Outlook For those who do not follow the relatively arcane world of international stock exchanges, the news that the London Stock Exchange, the grand-daddy of them all, is no longer a Premier League player in its industry may come as a surprise. But that is the truth of the matter: assuming the deal with TMX goes through, the combined operation would still only be the world's seventh-largest bourse.

The LSE has been eclipsed in various ways. Its former chief executive, Clara Furse, spent much of her time in charge fending off takeover attempts from the likes of Nasdaq and Deutsche Börse. Though the LSE has done some deals, notably with its opposite number in Italy, it has not been a part of the major global consolidations. Indeed, its deal with Toronto looked rather parochial yesterday in the context of the breaking news on the New York Stock Exchange and Deutsche.

At the other end of the scale, meanwhile, technology-driven new entrants to the market, especially Chi-X, have been steadily eating away at its share of the market. Less than 60 per cent of trades in shares in constituents of the UK's blue chip FTSE 100 Index now take place on the LSE, for example.

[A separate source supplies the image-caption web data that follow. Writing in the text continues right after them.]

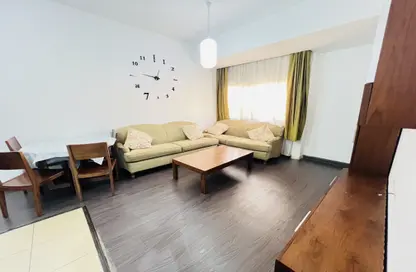 شقة - غرفة نوم - 1 حمام للايجار في سوق الغرافة - الغرافة - الدوحة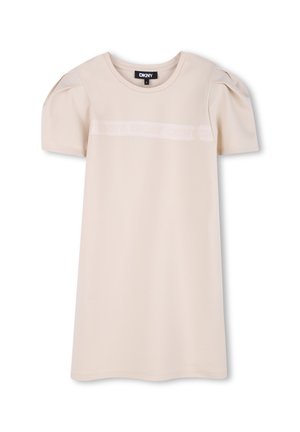 Robe à manches courtes en tissu beige clair, avec des manches bouffantes et une bande logo DKNY ton sur ton sur la poitrine. Texture lisse, coupe décontractée.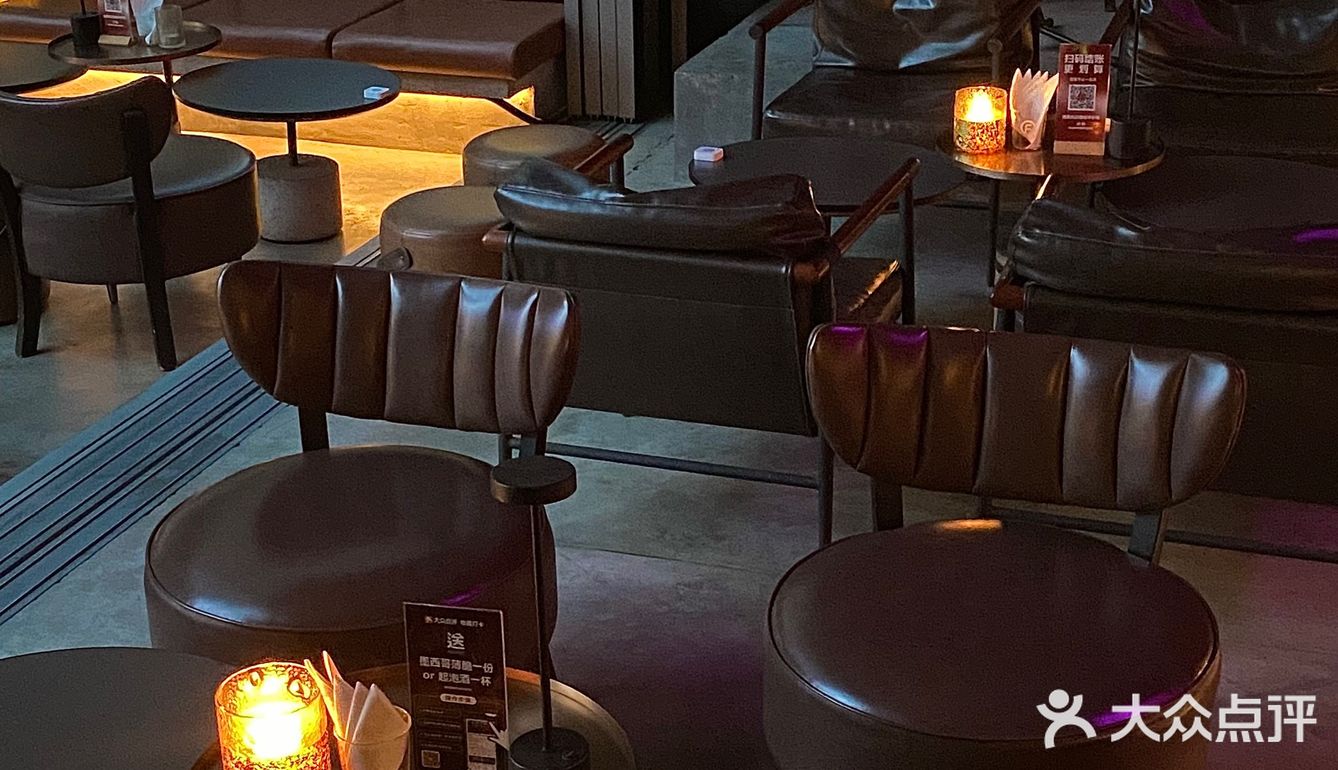 双子塔下的这家餐酒吧尊的美呆！！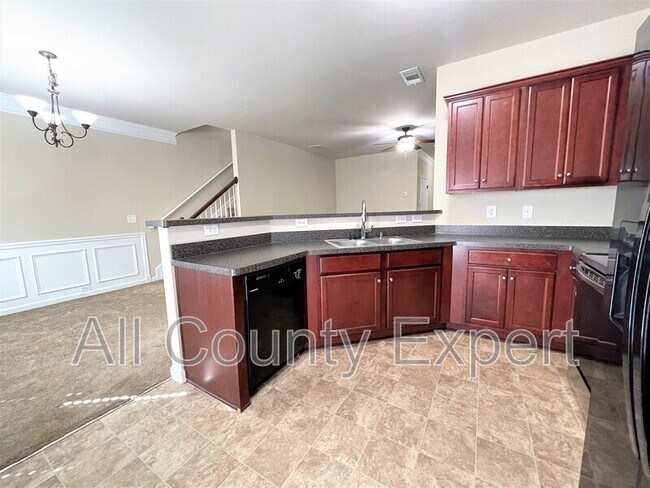 Foto del edificio - 599 Oakside Pl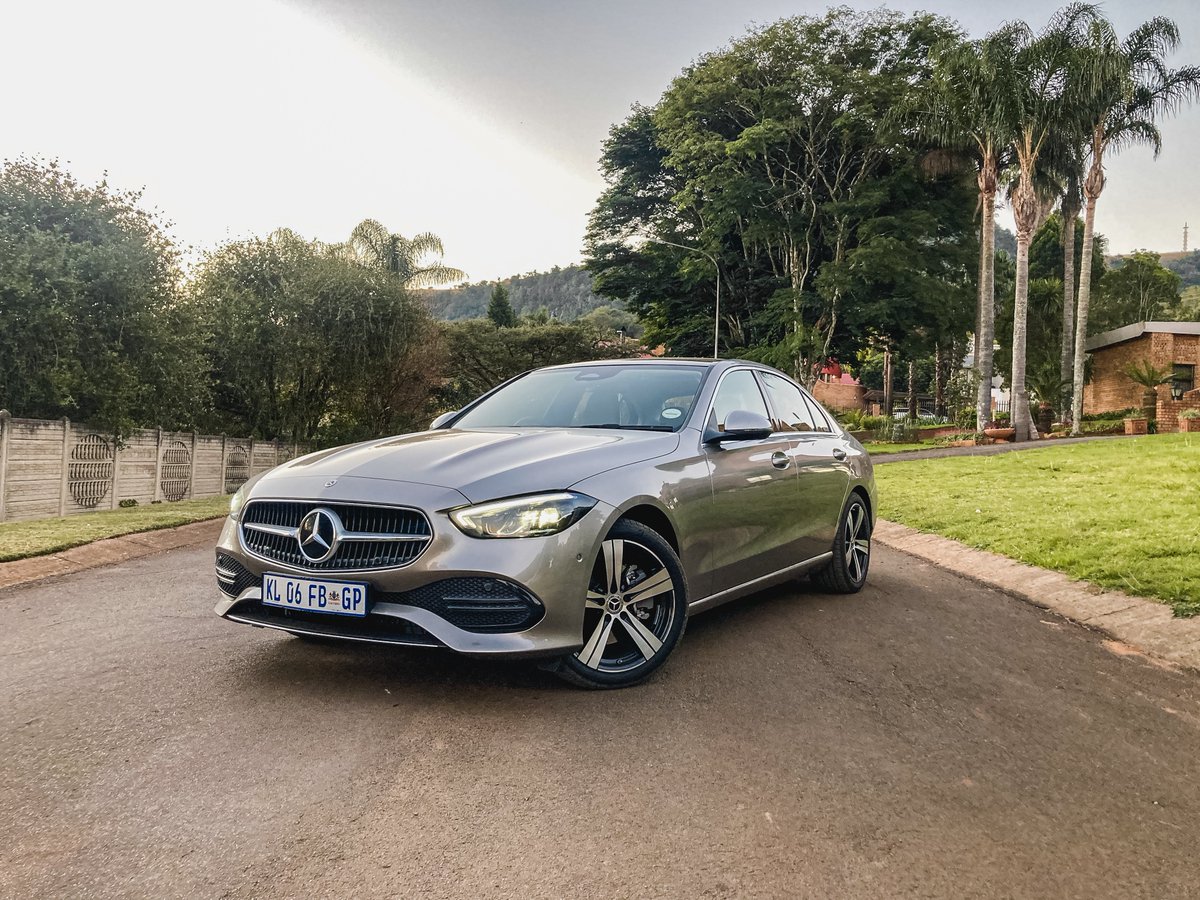 khuleonwheels's tweet photo. This week we are joined by the new Mercedes Benz C-Class affectionately known as the “baby S-Class”. The tag is justified by the adopted similarities outside and inside. Upfront, the sedan gets a new light design and large grille....
 #TheNewCClass #OutofAfricaForTheWorld https://t.co/fo3Jpla5Zr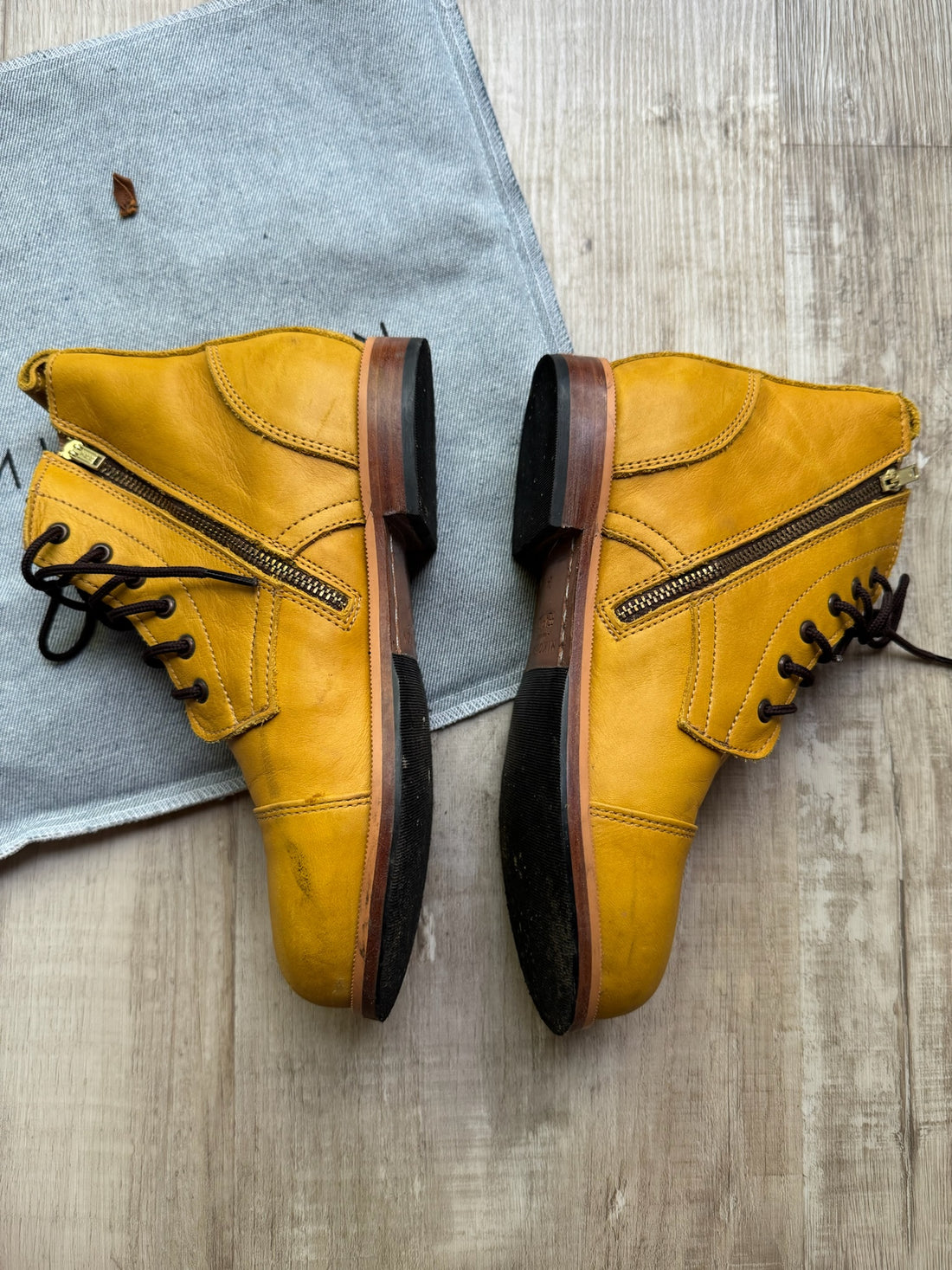 Mikoleon Mustard Boots
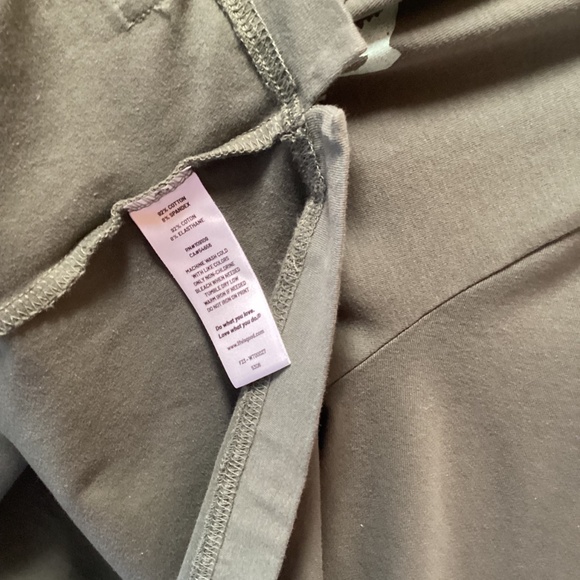 LNWOT Life Is Good * Crusher-Flex Boxy Hoodie * Women’s Small - Picture 4 of 5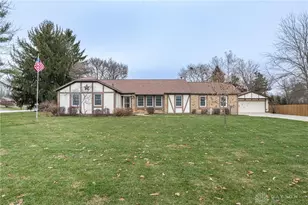 3864 Quailhollow Ct, Springfield, OH 45502 - Photo 1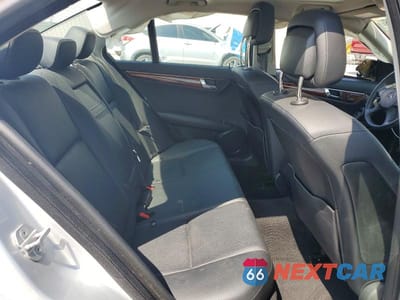 Zdjęcie 10 z 12 samochodu: 2011 MERCEDES-BENZ C 300 4MATIC VIN:WDDGF8BB9BR167732 - miniatura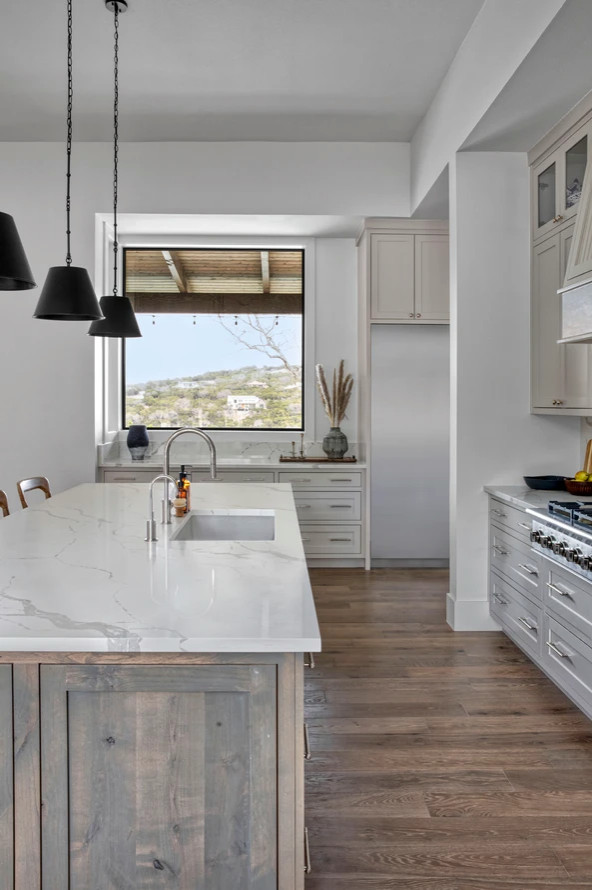 Kitchen - modern kitchen idea in Austin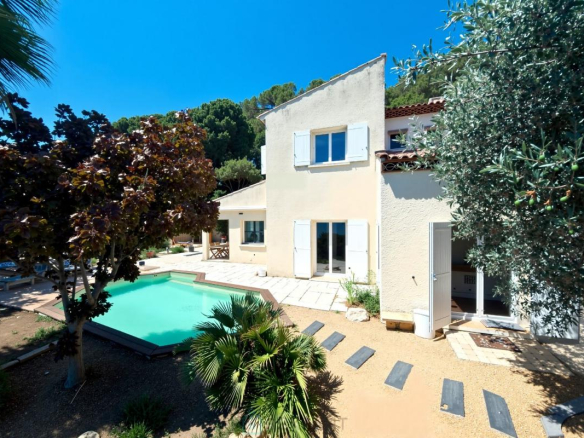 Villa avec piscine et jardin paysagé à Istres, vue sur l'étang.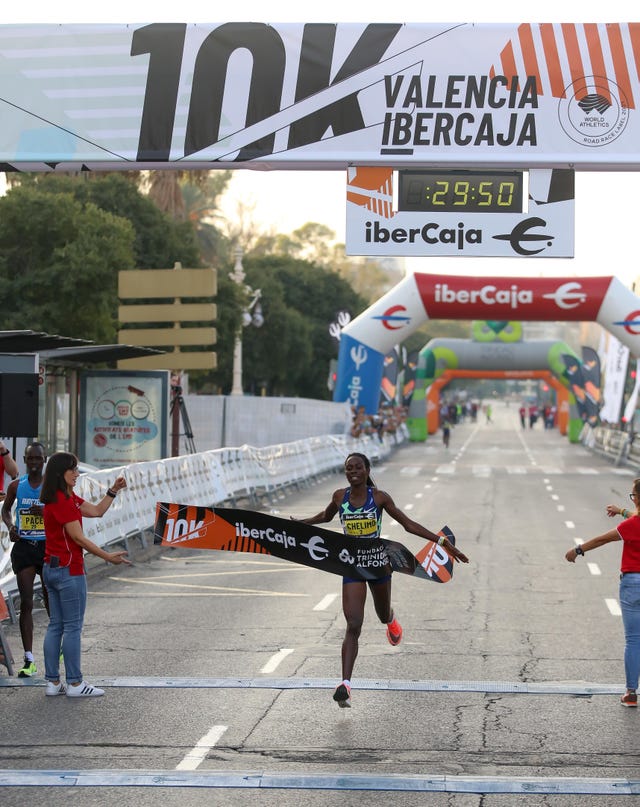 margaret chelimo gana la 10k de valencia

Nor has the LSE been quick enough to bring new products to market, particularly in the area of derivatives trading where Xavier Rolet, appointed to drag the company into the future just under two years ago, has still to unveil the fruits of his labour. Clearing has been a major omission too.

That's not to say the LSE has done nothing. Its purchase of the Sri Lankan outfit MillenniumIT has given it capital markets technology which is genuinely second to none – its systems will improve the LSE's own performance and can also be sold to rival exchanges.

Now, however, Mr Rolet appears to be making a bet on something that is a little less modern: thenatural resources sector. The tie-up with the Toronto Stock Exchange will create an entity that is miles ahead of its rivals in terms of listings or mining and resources companies (the deal with the Mongolian Stock Exchange announced last week will help, too). That might not seem very whizz-bang, but in the context of the commodities super-cycle it may prove to be a smart move.

It is certainly a different way to compete with those exchanges that have left the LSE behind. And Mr Rolet deserves credit for his imagination. Will his rivals be worried? Well, talk of a counter bid was rapidly subsumed by the NYSE-Deutsche news. For now, they have bigger fish to fry.